> _TASK DESCRIPTION_
Look below for the line containing "1172 N Cloud Cliff Pass"; from there, print each line exactly up to and including the line containing "Worth, TX 76135", and stop.

> _RECORDS TO PROCESS_
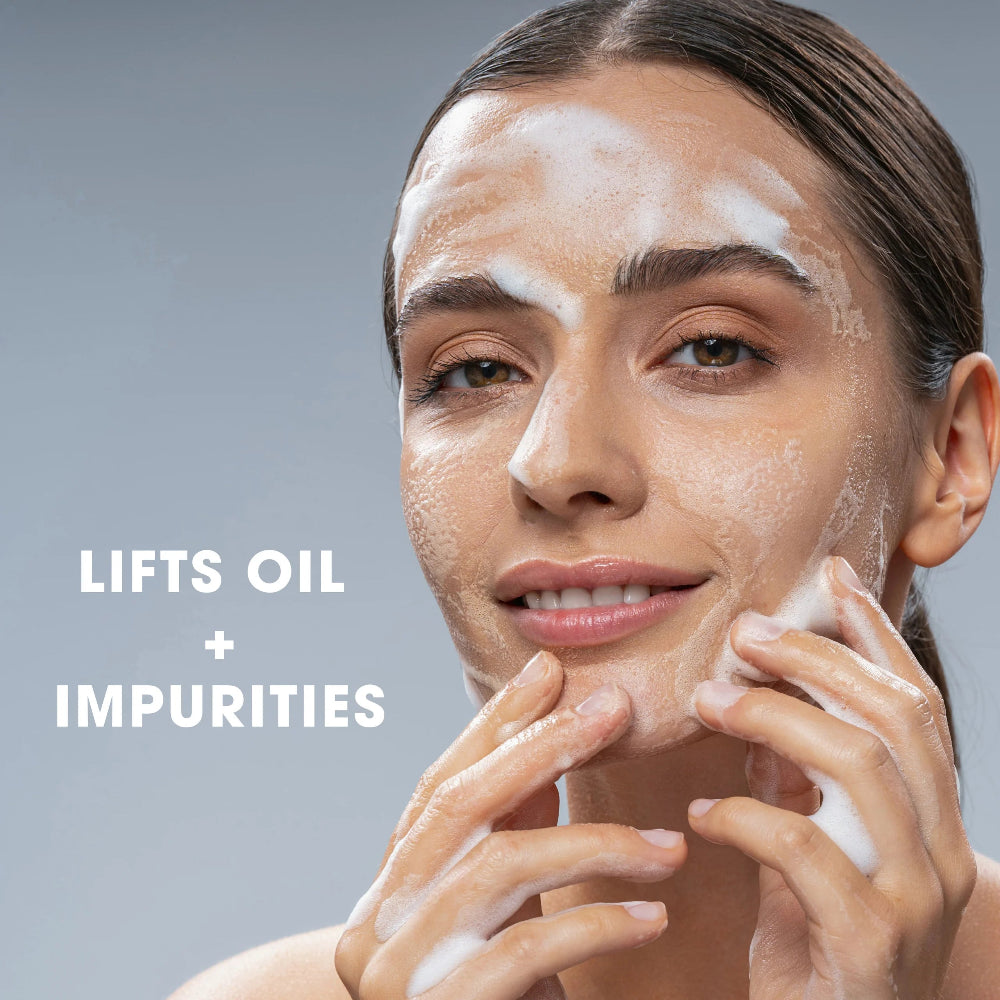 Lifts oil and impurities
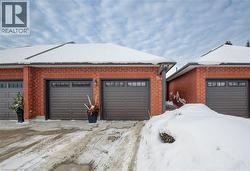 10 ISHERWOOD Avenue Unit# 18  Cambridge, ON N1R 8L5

...

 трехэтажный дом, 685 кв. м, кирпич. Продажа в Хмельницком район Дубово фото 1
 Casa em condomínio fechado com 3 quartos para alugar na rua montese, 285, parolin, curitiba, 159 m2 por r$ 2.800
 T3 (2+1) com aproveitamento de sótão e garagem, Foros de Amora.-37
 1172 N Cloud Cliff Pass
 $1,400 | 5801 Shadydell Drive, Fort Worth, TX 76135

> _ANSWER_
 1172 N Cloud Cliff Pass
 $1,400 | 5801 Shadydell Drive, Fort Worth, TX 76135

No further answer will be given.